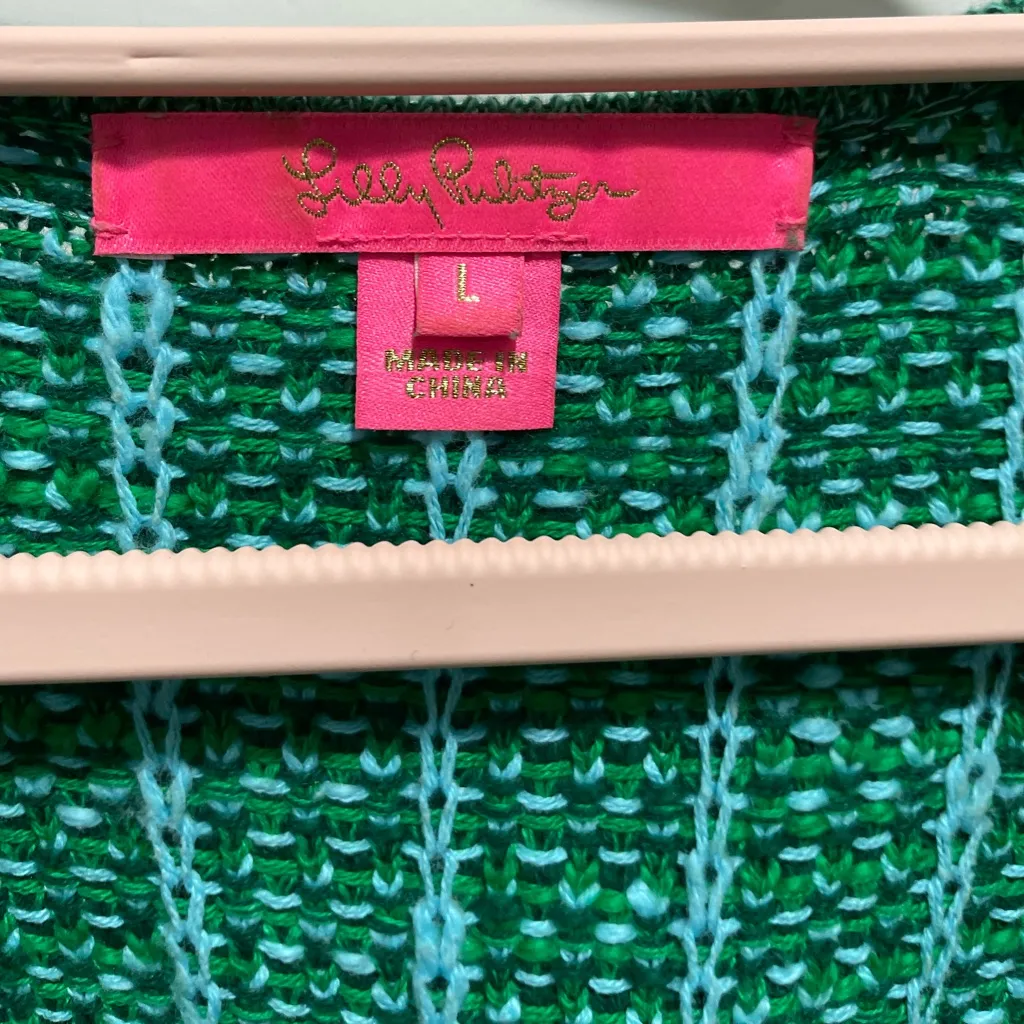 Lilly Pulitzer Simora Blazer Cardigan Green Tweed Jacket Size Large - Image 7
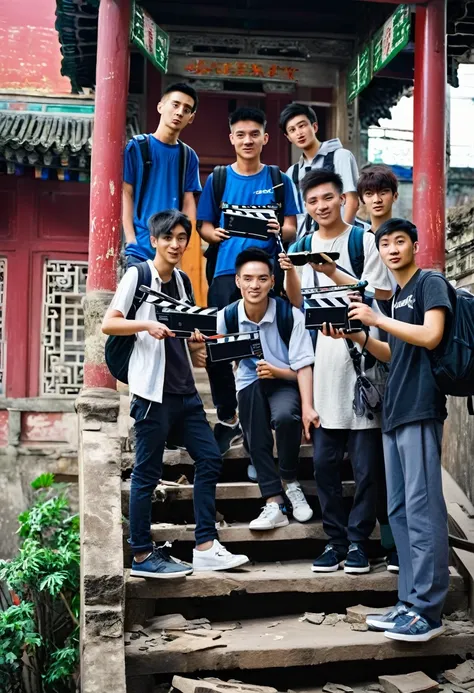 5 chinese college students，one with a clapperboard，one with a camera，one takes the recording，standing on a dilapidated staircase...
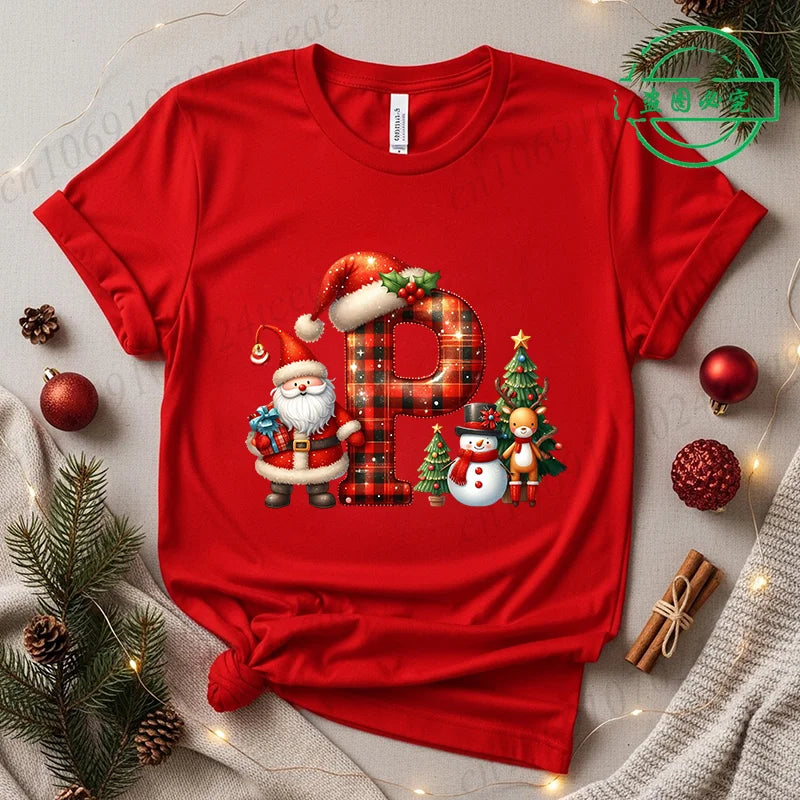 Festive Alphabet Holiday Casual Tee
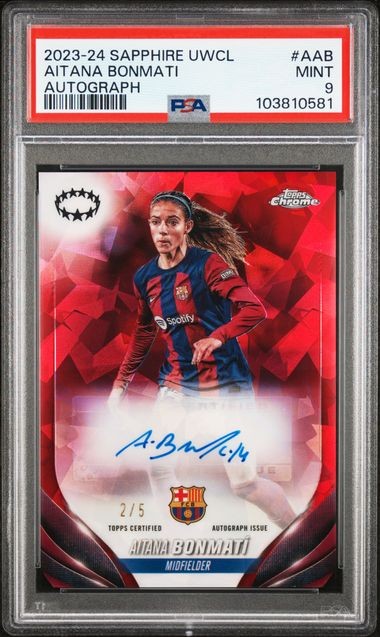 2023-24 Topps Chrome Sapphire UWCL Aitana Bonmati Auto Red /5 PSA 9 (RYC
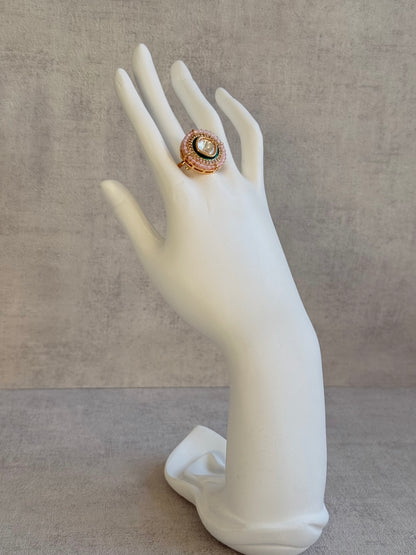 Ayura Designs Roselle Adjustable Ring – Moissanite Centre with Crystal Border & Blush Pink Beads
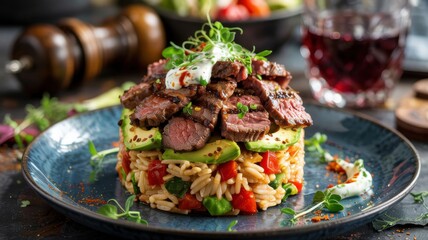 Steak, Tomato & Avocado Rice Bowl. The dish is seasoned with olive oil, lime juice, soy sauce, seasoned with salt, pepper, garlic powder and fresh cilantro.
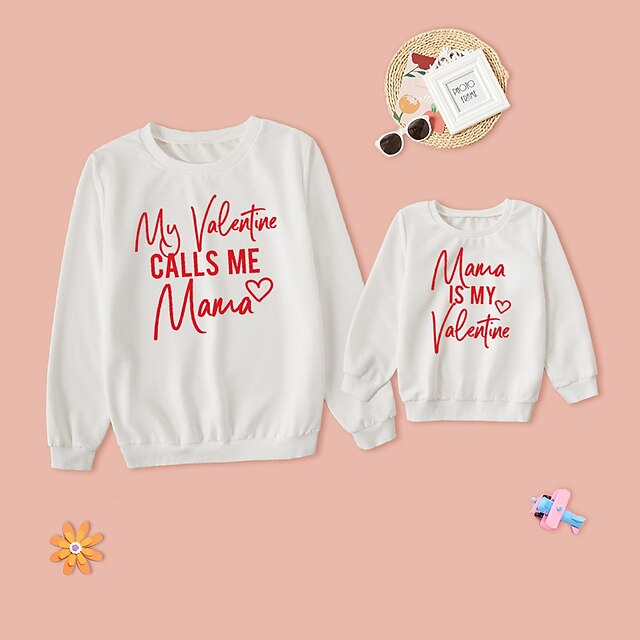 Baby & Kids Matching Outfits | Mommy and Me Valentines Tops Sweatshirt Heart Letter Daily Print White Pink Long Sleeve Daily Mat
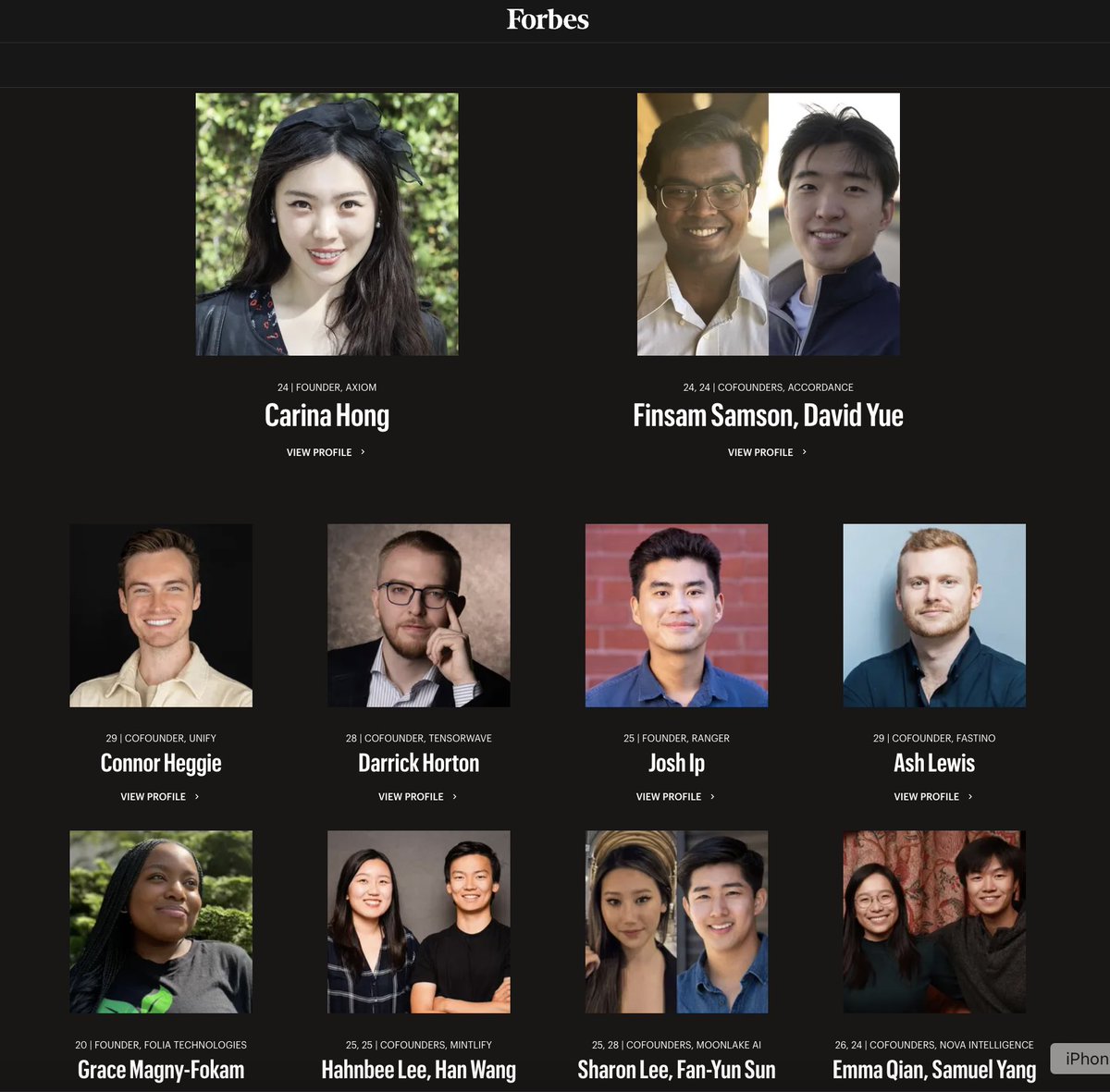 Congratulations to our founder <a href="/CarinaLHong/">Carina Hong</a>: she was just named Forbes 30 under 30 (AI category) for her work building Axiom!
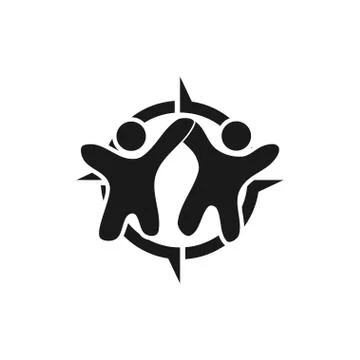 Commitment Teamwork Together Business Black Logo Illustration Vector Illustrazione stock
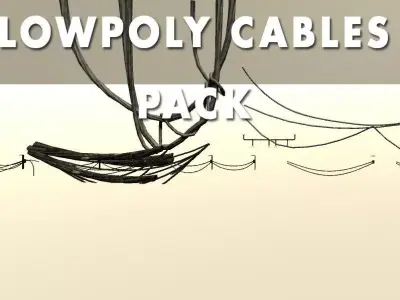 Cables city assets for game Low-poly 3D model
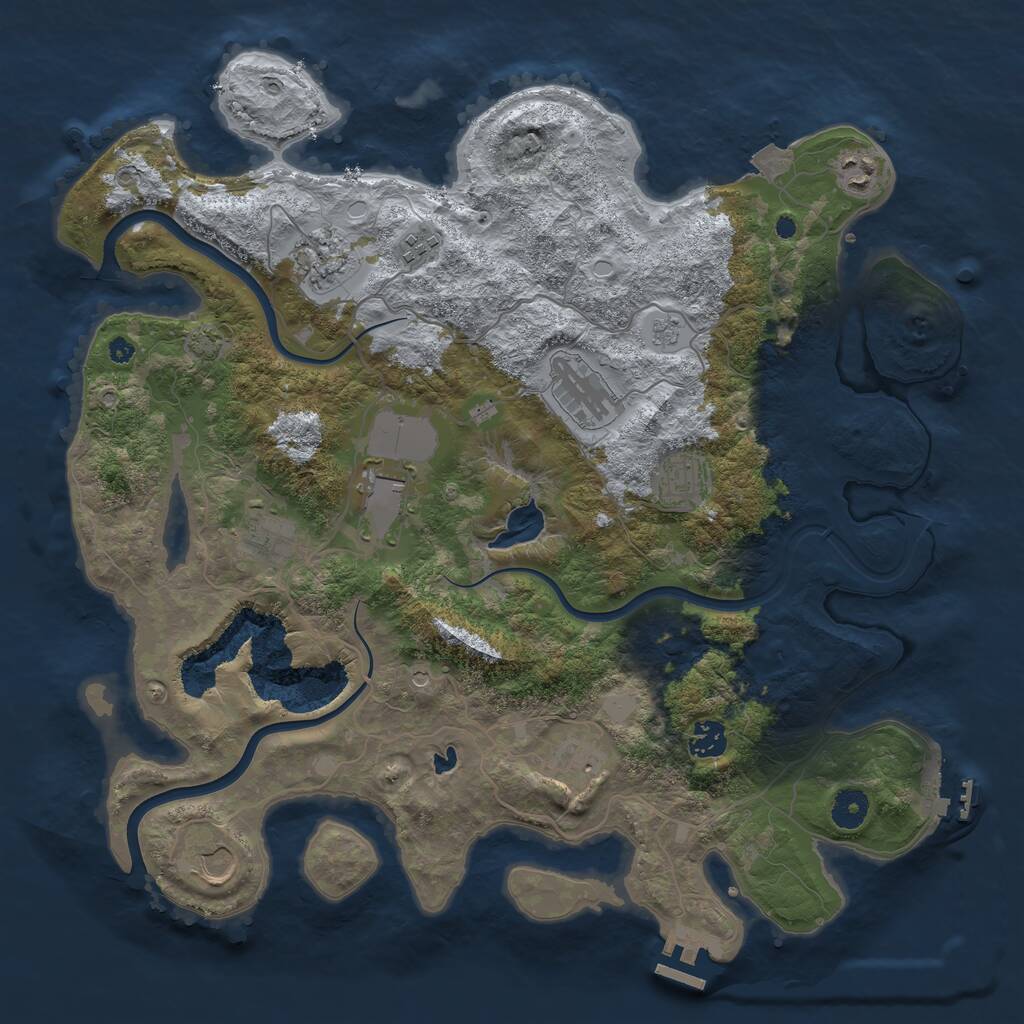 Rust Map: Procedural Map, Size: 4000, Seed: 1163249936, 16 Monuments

------

▶ Work to complete:
The expected output is the exact run of lines from the first line of the material above through the line that contains "2023-24 Topps Chrome", minus any pictures.

▶ Solution for this task:
 Lilly Pulitzer Simora Blazer Cardigan Green Tweed Jacket Size Large - Image 7
 5 chinese college students，one with a clapperboard，one with a camera，one takes the recording，standing on a dilapidated staircase...
 Festive Alphabet Holiday Casual Tee
 2023-24 Topps Chrome Sapphire UWCL Aitana Bonmati Auto Red /5 PSA 9 (RYC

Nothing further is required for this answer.